Instructions to follow:
The listing below holds a line with "Zdjęcie 8 z" and a line with "Photo '21' of Nissan Elgrand". Reproduce those two lines exactly, plus everything between them.

Provided entries:

++++

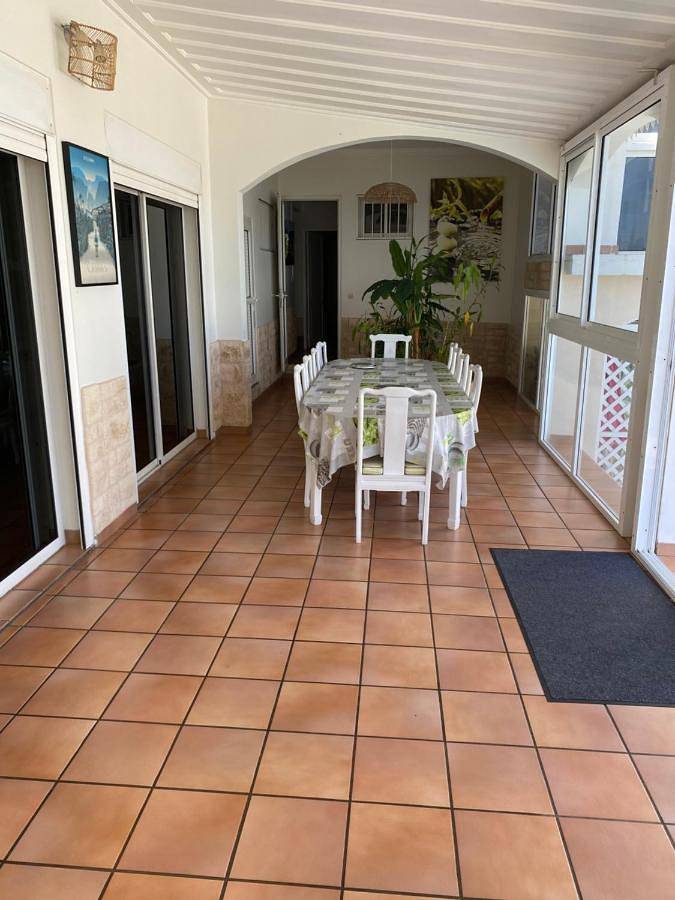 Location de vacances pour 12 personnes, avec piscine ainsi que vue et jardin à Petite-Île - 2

++++

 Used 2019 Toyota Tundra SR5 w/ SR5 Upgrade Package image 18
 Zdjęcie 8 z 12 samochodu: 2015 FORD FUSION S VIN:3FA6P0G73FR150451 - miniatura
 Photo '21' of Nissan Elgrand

++++

Response:
 Zdjęcie 8 z 12 samochodu: 2015 FORD FUSION S VIN:3FA6P0G73FR150451 - miniatura
 Photo '21' of Nissan Elgrand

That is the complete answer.